Reef Worlds to the rescue
TROUBLED by what it describes as half-star waterfronts at several resorts around the world, including the Caribbean, Reef Worlds has designed a plan that will see it pumping US$4.5m into recreating marine habitats in the region.
Mike Wallace, director of development at Reef Worlds, didn’t reveal the names of the resorts with which it is seeking to partner on the project, but said it is currently in talks with “two well-known all-inclusive resort chains”. He expects to have 10 to 15 on board by the time the building wraps up at the end of 2014.

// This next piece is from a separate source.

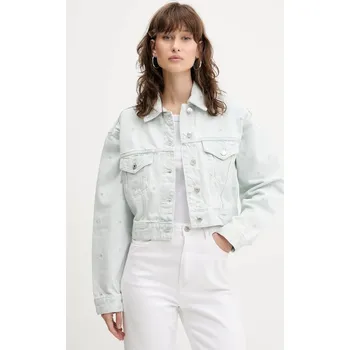 Dámská casual bunda Džínová bunda HUGO 50538913 modrá 50J, vel. XS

“Our team was shocked,” Wallace said after reviewing the state of resort waterfronts. “We discovered five-star properties with half-star waterfronts. Zones beyond the high-tide mark where natural reefs, colourful fish, and habitats were, are essentially gone, replaced with some old tyres, turtle grass and dead coral, and this was a global phenomenon.”
The plan, he told the Jamaica Observer from his office in California, is to identify resorts that have an ecological track record and good environmental stewardship and give them funds to create underwater worlds featuring snorkel trails, scuba-training sites, coral propagation, etc. The resorts, in turn, will monetise the sites and put a percentage back into the development of environment tourism. He explained that each site will be different, as it will be directly tied into the resort’s own footprint.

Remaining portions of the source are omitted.